My boss and I have had an office affair for almost two years now. Somewhere January, I realized I was pregnant so I called to inform him. He asked to get back to me later in the day which he did and suggested I abort it. He is married with kids and far older than I am but I have come to love him so much. He is forty, I am just 22 years but that disappears the moment I see him. I think of him, his comfort and happiness even more than myself. I have been working for him since I completed high school three years ago. I had a boyfriend then but after four months of working with him, he managed to break my virginity while my actual guy tried severally but failed every time. I never gave my guy the chance. My boss is a smart man. He is extremely strict, focused and hardworking. He is also a sweet-talker because up until now, I don’t know how he managed to take my virginity and get me to fall in love with him.
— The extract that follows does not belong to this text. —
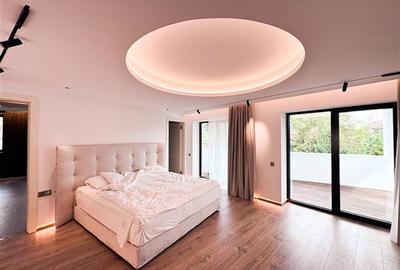 Vila de Lux de inchiriat Baneasa - 28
I am still with the pregnancy. I don’t want to abort it. I know it is inappropriate to desire a married man but I love him. He hasn’t spoken to me in a while because of my decision to keep the baby. He said it’s a jeopardy to his marriage, home, job, dignity and integrity. He is so much interested in his reputation than that of mine. I will equally be accused by society of sleeping with my boss and trying to wreck his home. I don’t see why he is making a big deal out of this. All I want from him is to marry me. I am not interested in him coming to see my parents, Nope! I have asked him to get me a place outside the neighbourhood where I can live as his second family. He will come around to see me often, love and treat me same way he treats his wife and kids. I am ready to be his secret second wife but he is trying to reject the offer and is insisting I abort the baby.
I discussed with a friend and she advised I see a spiritualist to help me get him to marry me. She said she knows a place at Kasoa where it can be done quickly. Though I want the man, I feel scared to do this. What if it doesn’t turn out well? I have watched movies where ladies go mad after such spells are broken. My friend said I will be given a padlock that I can lock him with and keep it somewhere. As long as it is locked, I have him all to myself. Sounds like a great idea to me but, I just wish my boss can develop natural affection for me the way he made me develop it for him. He is the only man that has seen my nakedness, the only person who has given me the sweetest feeling of all time. I love how he handles me. I miss him so much. He has refused to touch me ever since this pregnancy issue broke out. I know that right after I do the abortion, he will dump me. I don’t want that.
Advise me on what to do. Should I go ahead and do what my friend suggested, insist on keeping the baby to have him stick around forever (which I know he will because he wouldn’t ever want his family knowing about us) or I should just abort the baby and refuse to leave him? I am so confused. I need advice please.